Saturday, October 27, 2007
Opinion, Stephanie Ramage
Islamo-Fascism Unawareness Week
Some of the gravestones of 52 French Muslim soldiers desecrated by neo-Nazis earlier this year. The soldiers fought alongside American and British troops to defend France in World War I.
CREDIT: PHILIPPE HUGUEN/AFP/Getty Images
By Stephanie Ramage
I was raised as part of middle Georgia’s very small Mormon minority. It wasn’t until my freshman year at Brigham Young University that I saw the theocracy that essentially defines Mormonism. At BYU, Mormonism was not, as it had been in Georgia, an oasis of spiritual singularity; it was instead an overwhelming omnipresence, a penetrating interloper into every facet of our lives.
It was there, under the too-watchful eyes of the church authority, that my sword of faith was beaten into a plowshare of secularism. My eventual decision to forsake Mormonism entirely was one I made on my own, without outside influence. In an accepting environment, I had been free to think about my religion without feeling the need to defend it, and that freedom of intellectual inquiry made all the difference in who I am today. I left BYU at the end of that year, going on to the University of Georgia.
I thought about that a lot recently as Islamo-Fascism Awareness Week swept college campuses across the nation. The term “Islamo-Fascism” has primarily been used to describe Islam employed as a disguise under which the pan-Arabic front seeks to legitimize the violent expansion of its influence. “Islam” is not the point, and if you lop that off you’re left with “fascism,” which essentially describes established governments subverting the law through violence upon their own people in order to secure their power.
So, at whom are these events aimed, exactly? Are we to be grateful because their sponsors have informed us of the heretofore unknown danger of Islamic extremists? Is it to show who is a “safe” Muslim and who is not? At what point does a veil become a threat or a Muslim woman become a mindless possession? Who is it who decides? And once decided, what is the point of it?
Comparisons of personal experiences of faith are slippery things, but I know a tiny something of the effect of vilification on religious devotion.
In high school, I was a devout Mormon, and my piety made me an easy target in ways that “moderate” Mormons were not. The day after many of my fellow students had taken in a vicious little anti-Mormon film called “The Godmakers” at an event sponsored by a prominent local church, I was slapped around and spit on by a group of boys, Christian Protestants all. These boys waited until the teacher and the only other girl in the class left the room to make copies in the office, as they did every day. Then they turned off the lights, locked the door and cornered me. I sat as impassively as possible. One of them called me, rather incongruously, a “Mormon whore” and slapped me. I felt my tears searing my face and I tasted the blood of my lip as I tried not to sob.

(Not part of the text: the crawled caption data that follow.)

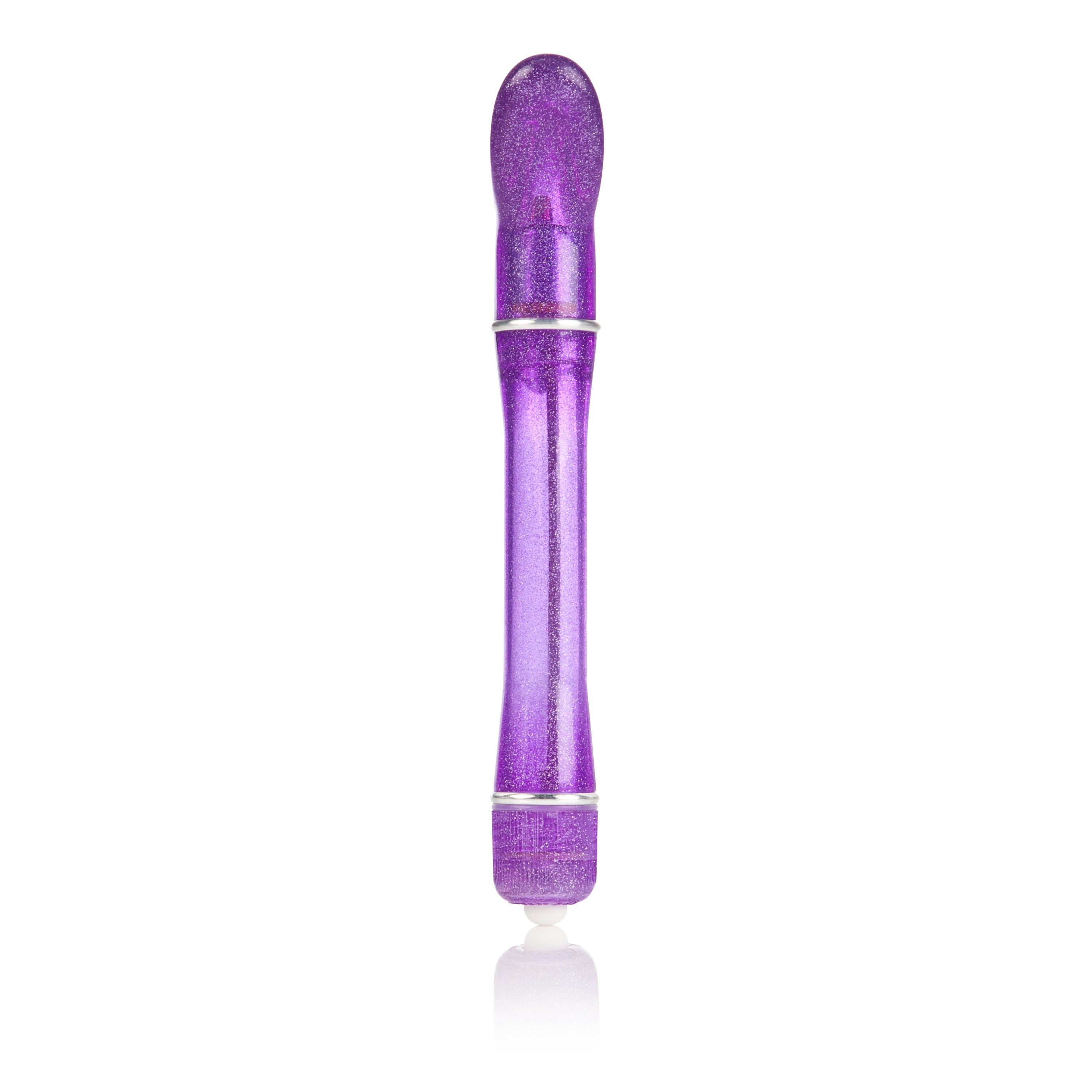 Pixies Glider Waterproof Vibrator Petite Wireless Clit Stimulator STIMULATORS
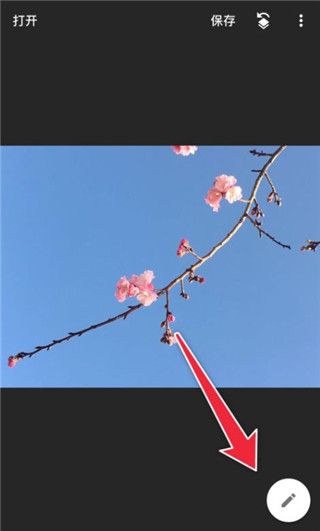 snapseed官方正版免费版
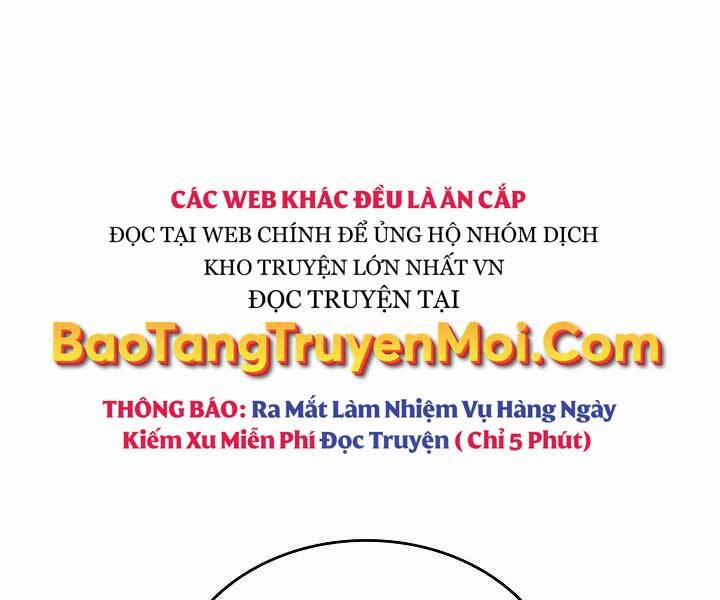 Biên Niên Sử Của Thiên Quỷ 177 trang 76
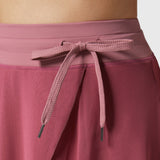 Melanie™ | Elegante 2-in-1 Rok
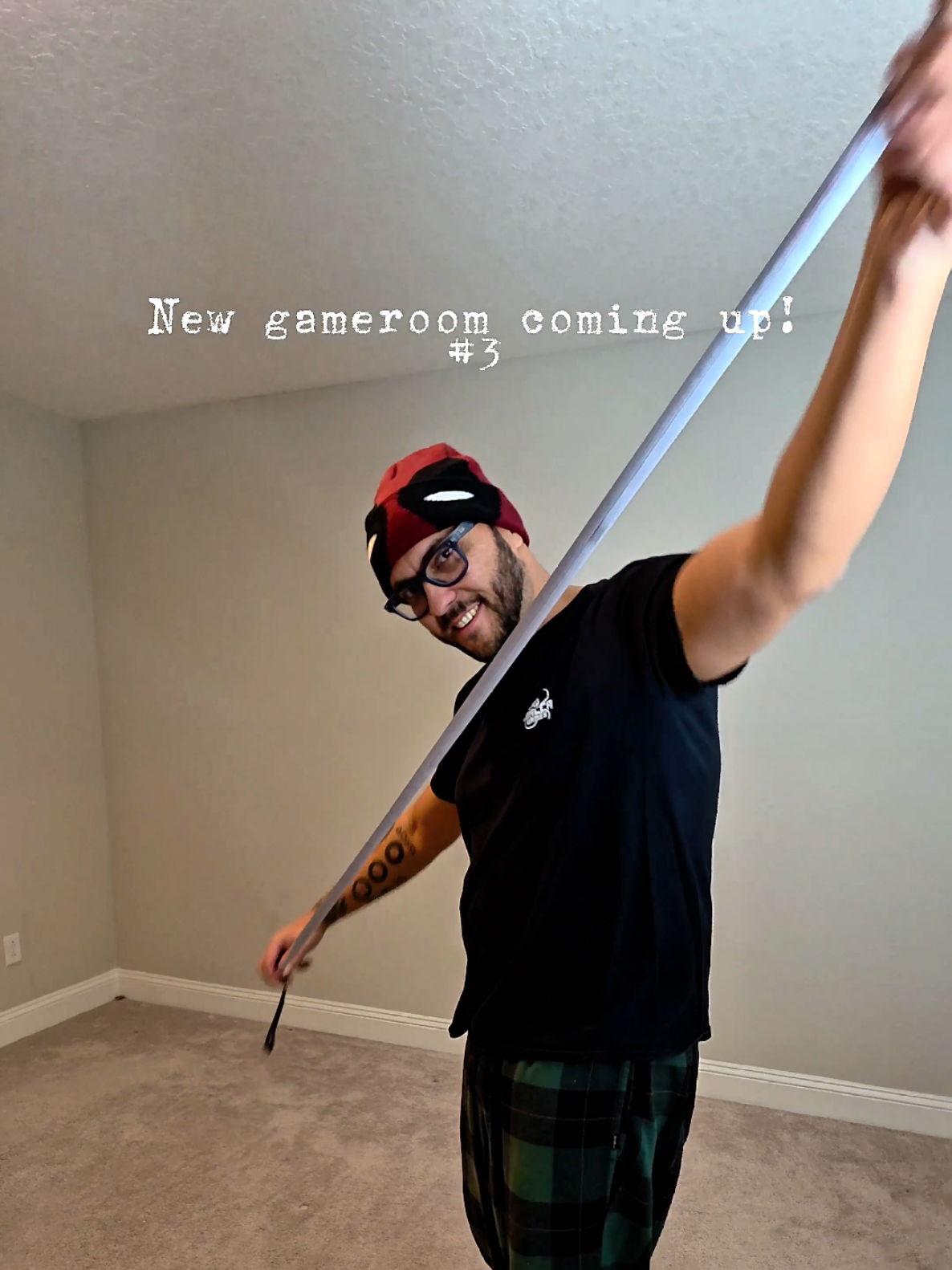@MaccaGames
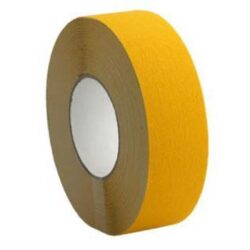 Anti Slip Tape (Yellow)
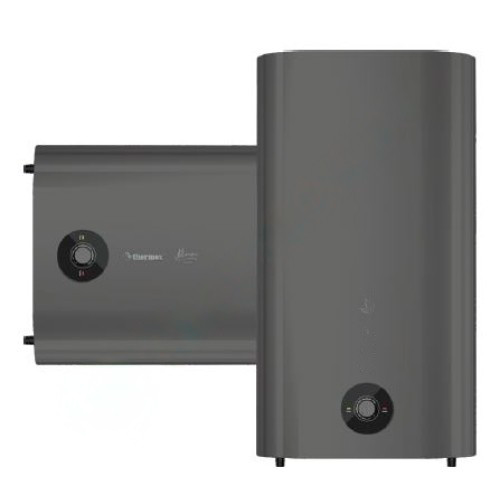 Бойлер накопительный THERMEX Mara 50 Pro серый бойлер накопительный thermex mara 50 pro серый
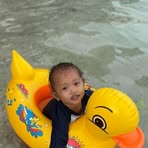 Roger Villarin - Facebook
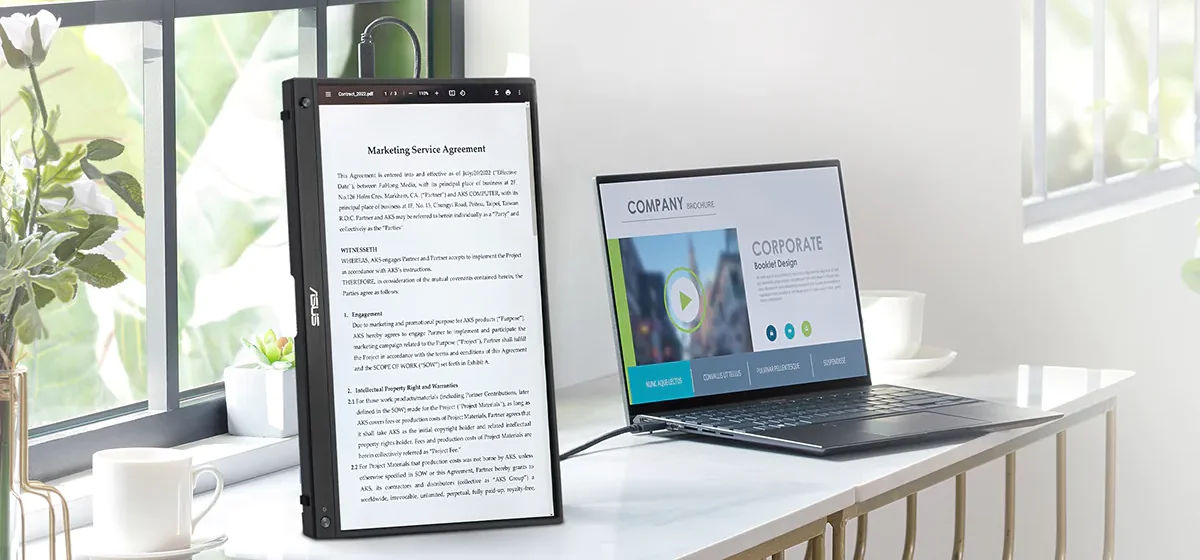 ASUS ZenScreen MB16AHG 10 e1752207232736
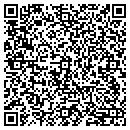 QR code with Louis N Francis contacts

There’s no point in going into the rest. Suffice it to say that when the teacher returned she saw that something had happened. The boys were suspended for three days. The school apologized to my family. The effect on me was like a blacksmith’s fire on a sword—I would have died for my faith.
So if the idea behind Islamo-Fascism Awareness Week is to deter extremists by separating less-secular Muslims from the mainstream and holding them up to suspicion, I would argue that potential extremists will not be deterred, but galvanized.
What is particularly troubling about Islamo-Fascism Awareness Week is that its organizers and speakers—David Horowitz, Ann Coulter and their ilk—seek to demonize a particular segment identified with a particular religion. But for them, as for all of us, there is no way of precisely defining who that segment is. Which means that ultimately all Muslims, regardless of the stated intent to shield the moderates, will be viewed with more suspicion, and the devoutly non-secular, fueled by alienation, will have their suspicions regarding the non-Muslim world validated—a big step on the path to becoming extremists. SP
Stephanie Ramage is news editor of The Sunday Paper.